Supplementary Figure 5 Confusion matrix for the synthetic species mock contigs.

A heatmap visualisation of the confusion matrix comparing the CONCOCT contig clusterings for the optimal 101 cluster solution with the species assignments for the synthetic species mock contig fragments. Each column is a cluster named Dk where k is the cluster index. The rows correspond to the species and the intensities reflect the proportion of each cluster deriving from each species. The intensities are weighted by contig length.

Supplementary Figure 6 Impact of contig length on error probability.

Predicted error probabilities from a logistic regression of contig missasignment as a function of contig fragment length (p-value < 2.0e-16) for the synthetic species community. Each cluster was assigned to the species from which the majority of contigs, weighted by length, derived. A contig was defined as misassigned if it derived from a different species to its cluster. The solid line is the logistic regression predicted error probability, together with standard errors as grey shaded portions. The points are average error rates calculated over a length bin of size 1000bp, their size is proportional to the log of the number of contigs in that bin.

Supplementary Figure 7 Frequency of single-copy core genes in the synthetic species mock clusters.

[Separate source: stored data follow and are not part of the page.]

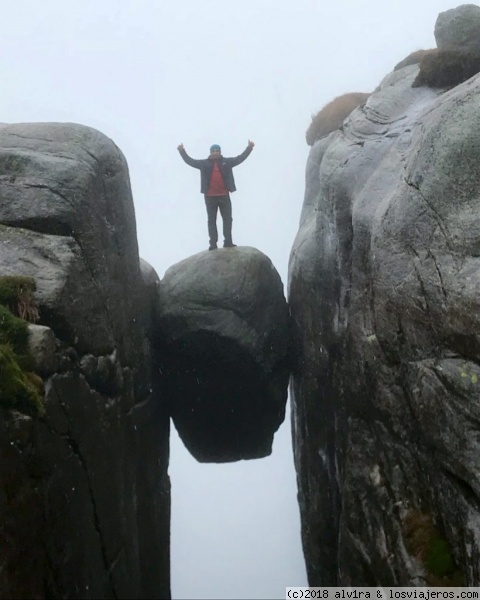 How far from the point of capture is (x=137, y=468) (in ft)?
52.5

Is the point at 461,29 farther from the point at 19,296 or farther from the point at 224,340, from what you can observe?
the point at 19,296

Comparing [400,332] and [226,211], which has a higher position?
[226,211]

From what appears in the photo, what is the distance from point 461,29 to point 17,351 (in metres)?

A heatmap visualisation of the number of single-copy core genes in each cluster for the optimal 101 cluster solution generated by CONCOCT applied to the synthetic species mock community.

Supplementary Figure 8 Two-dimensional visualisation of the synthetic strain mock contigs labeled by cluster.

The 9,411 synthetic strain mock contig fragments of length > 1000bp plotted in the first two PCA dimensions with the 21 different clusters discriminated.

Supplementary Figure 9 Validation of the synthetic strain mock contig clusterings.

Top panel: a heatmap visualisation of the number of single-copy core genes in each cluster for the optimal 21 cluster solution generated by CONCOCT applied to the synthetic strain mock community. Bottom panel: a heatmap visualisation of the confusion matrix comparing the CONCOCT contig clusterings with the genome assignments for the synthetic strain mock contig fragments. Each row is a cluster and column a species. Intensities reflect the proportion of each cluster weighted by contig length deriving from each species.

Supplementary Figure 10 Two-dimensional visualisation of the Sharon (2013) contigs labeled by cluster.

The 5,571 Sharon (2013) contig fragments of length > 1000bp plotted in the first two PCA dimensions with the 34 different clusters discriminated.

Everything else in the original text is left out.